When you reproduce the data, keep every word exactly as it stands and leave the pictures out.

**INFORMATION PROVIDED**
- Opening Delimiter -
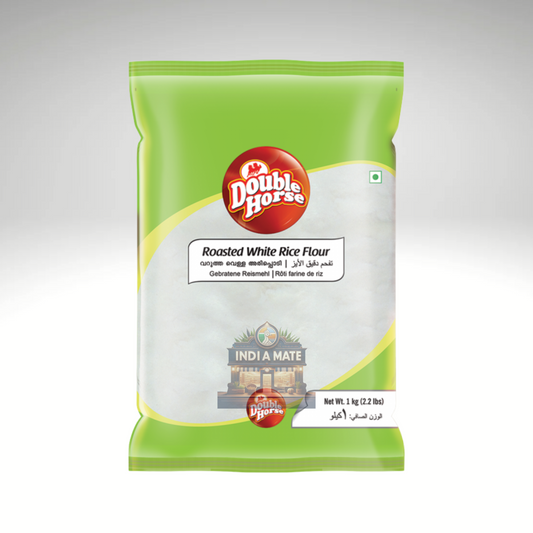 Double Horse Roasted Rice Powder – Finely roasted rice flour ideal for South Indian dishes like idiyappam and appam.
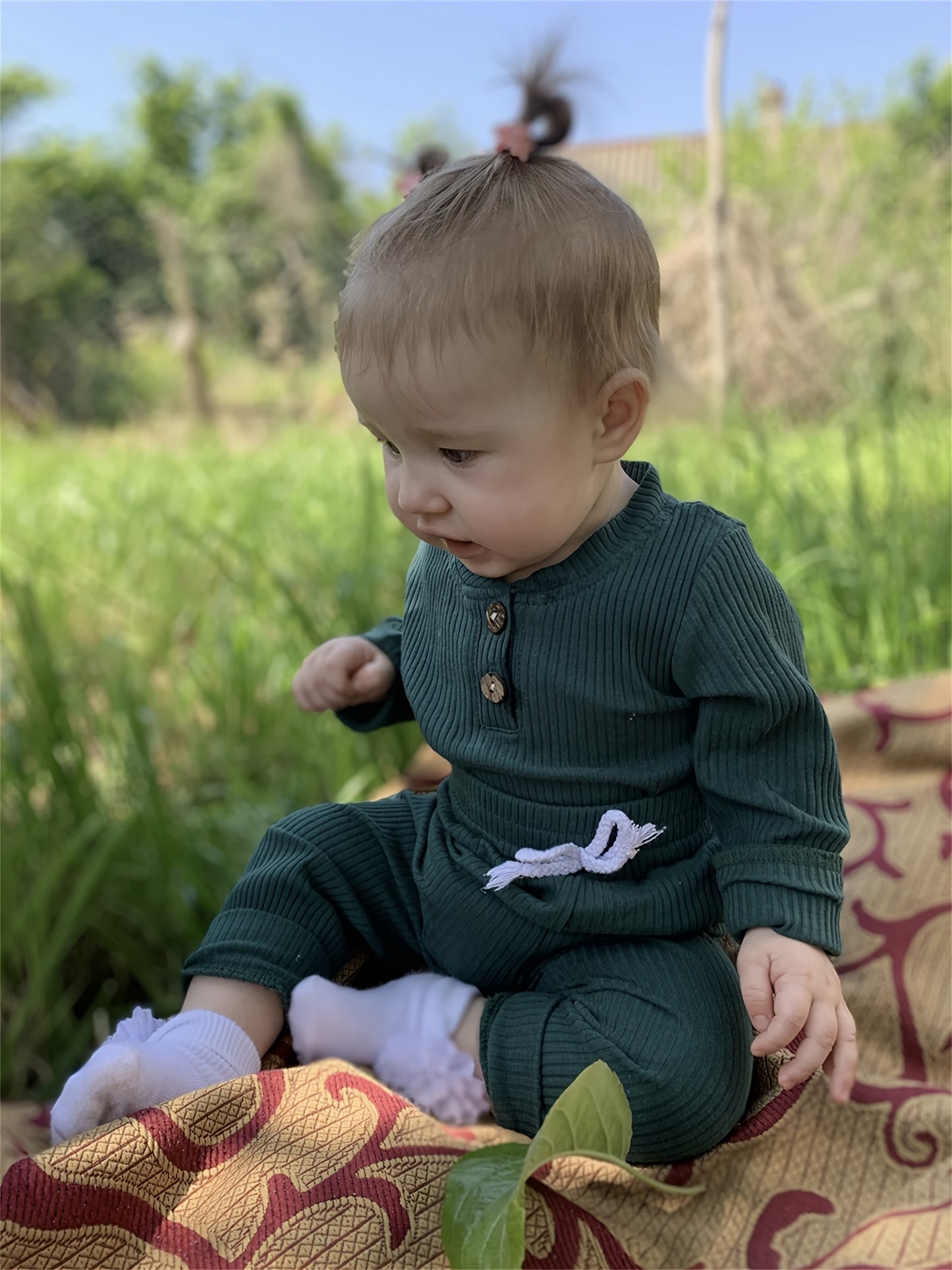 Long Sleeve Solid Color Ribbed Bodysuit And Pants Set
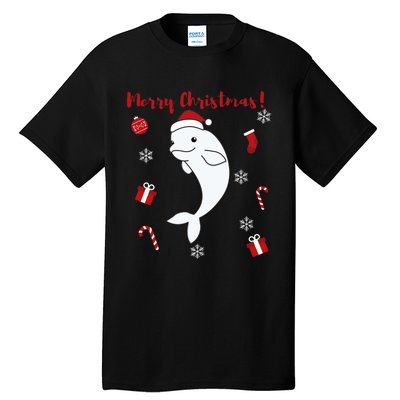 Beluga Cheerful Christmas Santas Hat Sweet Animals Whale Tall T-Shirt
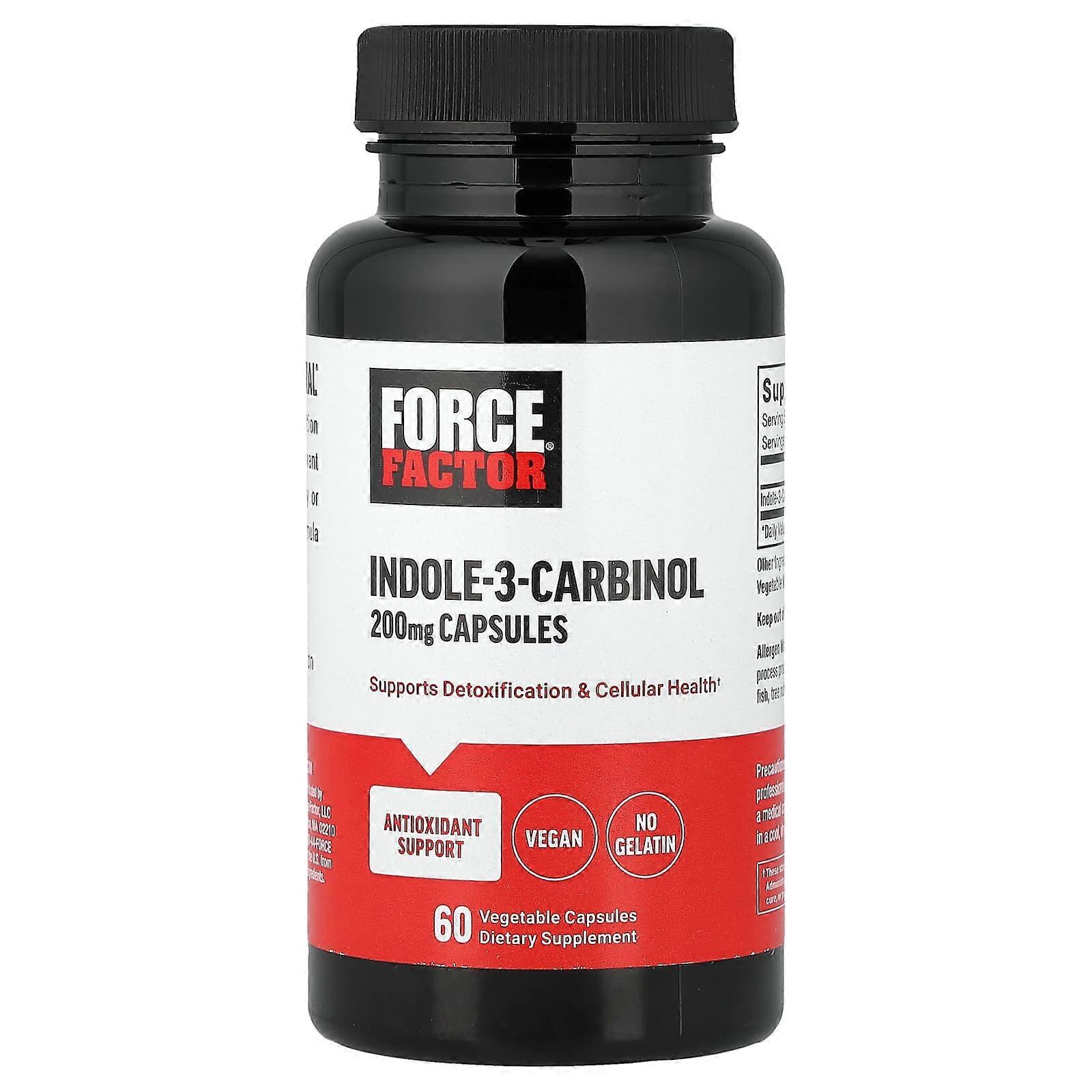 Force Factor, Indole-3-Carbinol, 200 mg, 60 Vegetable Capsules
- Closing Delimiter -
**ANSWER TO THIS EXERCISE**
 Double Horse Roasted Rice Powder – Finely roasted rice flour ideal for South Indian dishes like idiyappam and appam.
 Long Sleeve Solid Color Ribbed Bodysuit And Pants Set
 Beluga Cheerful Christmas Santas Hat Sweet Animals Whale Tall T-Shirt
 Force Factor, Indole-3-Carbinol, 200 mg, 60 Vegetable Capsules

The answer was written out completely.